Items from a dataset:
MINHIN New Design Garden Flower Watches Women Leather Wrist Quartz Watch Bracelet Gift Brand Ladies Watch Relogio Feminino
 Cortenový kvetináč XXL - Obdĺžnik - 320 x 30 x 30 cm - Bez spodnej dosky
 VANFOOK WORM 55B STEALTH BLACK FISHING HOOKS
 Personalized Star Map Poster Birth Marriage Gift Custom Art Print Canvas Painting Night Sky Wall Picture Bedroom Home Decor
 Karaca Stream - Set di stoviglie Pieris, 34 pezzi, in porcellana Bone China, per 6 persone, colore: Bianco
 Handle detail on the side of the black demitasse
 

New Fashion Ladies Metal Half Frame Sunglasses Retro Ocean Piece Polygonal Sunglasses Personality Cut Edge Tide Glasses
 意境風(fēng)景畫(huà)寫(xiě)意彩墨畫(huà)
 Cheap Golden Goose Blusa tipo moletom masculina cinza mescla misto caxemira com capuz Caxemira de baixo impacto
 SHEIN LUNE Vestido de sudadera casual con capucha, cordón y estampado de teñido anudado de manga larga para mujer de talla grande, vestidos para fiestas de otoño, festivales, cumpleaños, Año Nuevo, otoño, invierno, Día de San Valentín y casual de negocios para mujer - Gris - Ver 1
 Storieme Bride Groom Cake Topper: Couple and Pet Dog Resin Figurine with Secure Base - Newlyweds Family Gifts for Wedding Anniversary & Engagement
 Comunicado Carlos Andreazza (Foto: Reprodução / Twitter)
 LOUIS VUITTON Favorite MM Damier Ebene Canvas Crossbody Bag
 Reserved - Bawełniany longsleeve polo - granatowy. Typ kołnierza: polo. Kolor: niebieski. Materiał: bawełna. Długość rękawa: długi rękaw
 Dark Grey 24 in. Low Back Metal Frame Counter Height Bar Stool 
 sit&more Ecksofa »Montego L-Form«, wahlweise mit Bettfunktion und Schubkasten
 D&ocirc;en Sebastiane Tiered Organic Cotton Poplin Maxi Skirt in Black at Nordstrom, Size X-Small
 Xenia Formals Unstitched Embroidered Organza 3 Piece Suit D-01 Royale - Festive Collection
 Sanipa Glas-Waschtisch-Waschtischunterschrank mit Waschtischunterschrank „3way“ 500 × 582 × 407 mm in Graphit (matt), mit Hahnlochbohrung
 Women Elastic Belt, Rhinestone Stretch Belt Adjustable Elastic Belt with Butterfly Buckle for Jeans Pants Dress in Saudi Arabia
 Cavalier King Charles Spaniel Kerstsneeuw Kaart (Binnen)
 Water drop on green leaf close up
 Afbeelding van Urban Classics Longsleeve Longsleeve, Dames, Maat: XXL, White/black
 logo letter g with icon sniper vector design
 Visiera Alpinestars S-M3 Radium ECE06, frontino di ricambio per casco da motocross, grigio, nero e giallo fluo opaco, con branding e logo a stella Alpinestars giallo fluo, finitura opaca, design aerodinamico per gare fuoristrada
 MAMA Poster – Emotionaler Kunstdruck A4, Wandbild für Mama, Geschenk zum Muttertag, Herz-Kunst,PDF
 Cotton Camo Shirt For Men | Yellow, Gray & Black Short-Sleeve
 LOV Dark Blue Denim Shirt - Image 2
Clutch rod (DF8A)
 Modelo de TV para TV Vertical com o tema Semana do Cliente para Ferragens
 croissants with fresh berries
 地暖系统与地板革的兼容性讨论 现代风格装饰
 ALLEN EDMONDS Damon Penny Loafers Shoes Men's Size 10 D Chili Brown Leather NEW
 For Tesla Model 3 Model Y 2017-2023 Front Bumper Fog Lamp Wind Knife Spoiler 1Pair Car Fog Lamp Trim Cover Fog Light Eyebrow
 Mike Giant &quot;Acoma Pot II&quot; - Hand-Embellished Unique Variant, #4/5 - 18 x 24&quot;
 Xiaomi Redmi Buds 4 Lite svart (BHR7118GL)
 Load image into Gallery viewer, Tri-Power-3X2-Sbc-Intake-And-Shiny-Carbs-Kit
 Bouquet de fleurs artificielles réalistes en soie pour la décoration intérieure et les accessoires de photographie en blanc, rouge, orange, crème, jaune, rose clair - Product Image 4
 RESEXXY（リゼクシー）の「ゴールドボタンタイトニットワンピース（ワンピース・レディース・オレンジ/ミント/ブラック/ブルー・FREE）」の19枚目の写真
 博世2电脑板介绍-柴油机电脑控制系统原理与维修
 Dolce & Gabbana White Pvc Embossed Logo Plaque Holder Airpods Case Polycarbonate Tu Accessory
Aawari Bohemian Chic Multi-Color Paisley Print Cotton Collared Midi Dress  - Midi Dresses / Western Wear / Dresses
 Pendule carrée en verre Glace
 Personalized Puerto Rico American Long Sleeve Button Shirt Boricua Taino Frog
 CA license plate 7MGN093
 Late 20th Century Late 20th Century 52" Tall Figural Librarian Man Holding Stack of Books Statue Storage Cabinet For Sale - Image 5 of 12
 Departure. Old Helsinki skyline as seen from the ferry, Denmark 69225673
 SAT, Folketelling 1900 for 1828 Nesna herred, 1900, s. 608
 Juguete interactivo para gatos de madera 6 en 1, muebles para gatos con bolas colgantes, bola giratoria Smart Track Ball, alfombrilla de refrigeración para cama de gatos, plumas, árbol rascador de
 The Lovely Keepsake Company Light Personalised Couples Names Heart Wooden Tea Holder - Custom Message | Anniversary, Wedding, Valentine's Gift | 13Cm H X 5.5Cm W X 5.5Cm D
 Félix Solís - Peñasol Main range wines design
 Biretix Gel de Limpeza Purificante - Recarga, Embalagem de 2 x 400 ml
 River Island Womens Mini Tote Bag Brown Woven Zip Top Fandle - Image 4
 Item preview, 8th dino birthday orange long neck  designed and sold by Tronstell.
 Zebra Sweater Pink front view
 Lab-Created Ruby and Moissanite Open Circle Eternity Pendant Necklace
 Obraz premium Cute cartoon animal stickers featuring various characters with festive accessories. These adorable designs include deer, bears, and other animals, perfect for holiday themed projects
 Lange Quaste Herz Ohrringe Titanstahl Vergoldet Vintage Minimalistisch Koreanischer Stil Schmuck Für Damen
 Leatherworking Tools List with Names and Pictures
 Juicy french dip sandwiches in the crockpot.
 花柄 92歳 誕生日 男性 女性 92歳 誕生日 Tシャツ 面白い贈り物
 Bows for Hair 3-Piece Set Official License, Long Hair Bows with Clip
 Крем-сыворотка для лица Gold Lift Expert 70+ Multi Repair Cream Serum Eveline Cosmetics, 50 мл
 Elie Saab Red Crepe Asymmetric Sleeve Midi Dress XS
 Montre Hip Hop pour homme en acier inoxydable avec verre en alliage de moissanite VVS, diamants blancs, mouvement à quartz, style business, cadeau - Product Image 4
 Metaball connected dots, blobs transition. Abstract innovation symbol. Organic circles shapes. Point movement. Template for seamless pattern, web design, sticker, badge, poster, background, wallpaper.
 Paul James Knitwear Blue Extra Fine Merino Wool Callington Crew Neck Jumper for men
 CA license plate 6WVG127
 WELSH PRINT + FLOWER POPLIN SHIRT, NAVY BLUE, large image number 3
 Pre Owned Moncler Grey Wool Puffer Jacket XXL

Exercise description - The answer should consist solely of the lines from the first line above through the one with "LOUIS VUITTON Favorite", both included, repeated exactly.

Response -
MINHIN New Design Garden Flower Watches Women Leather Wrist Quartz Watch Bracelet Gift Brand Ladies Watch Relogio Feminino
 Cortenový kvetináč XXL - Obdĺžnik - 320 x 30 x 30 cm - Bez spodnej dosky
 VANFOOK WORM 55B STEALTH BLACK FISHING HOOKS
 Personalized Star Map Poster Birth Marriage Gift Custom Art Print Canvas Painting Night Sky Wall Picture Bedroom Home Decor
 Karaca Stream - Set di stoviglie Pieris, 34 pezzi, in porcellana Bone China, per 6 persone, colore: Bianco
 Handle detail on the side of the black demitasse
 

New Fashion Ladies Metal Half Frame Sunglasses Retro Ocean Piece Polygonal Sunglasses Personality Cut Edge Tide Glasses
 意境風(fēng)景畫(huà)寫(xiě)意彩墨畫(huà)
 Cheap Golden Goose Blusa tipo moletom masculina cinza mescla misto caxemira com capuz Caxemira de baixo impacto
 SHEIN LUNE Vestido de sudadera casual con capucha, cordón y estampado de teñido anudado de manga larga para mujer de talla grande, vestidos para fiestas de otoño, festivales, cumpleaños, Año Nuevo, otoño, invierno, Día de San Valentín y casual de negocios para mujer - Gris - Ver 1
 Storieme Bride Groom Cake Topper: Couple and Pet Dog Resin Figurine with Secure Base - Newlyweds Family Gifts for Wedding Anniversary & Engagement
 Comunicado Carlos Andreazza (Foto: Reprodução / Twitter)
 LOUIS VUITTON Favorite MM Damier Ebene Canvas Crossbody Bag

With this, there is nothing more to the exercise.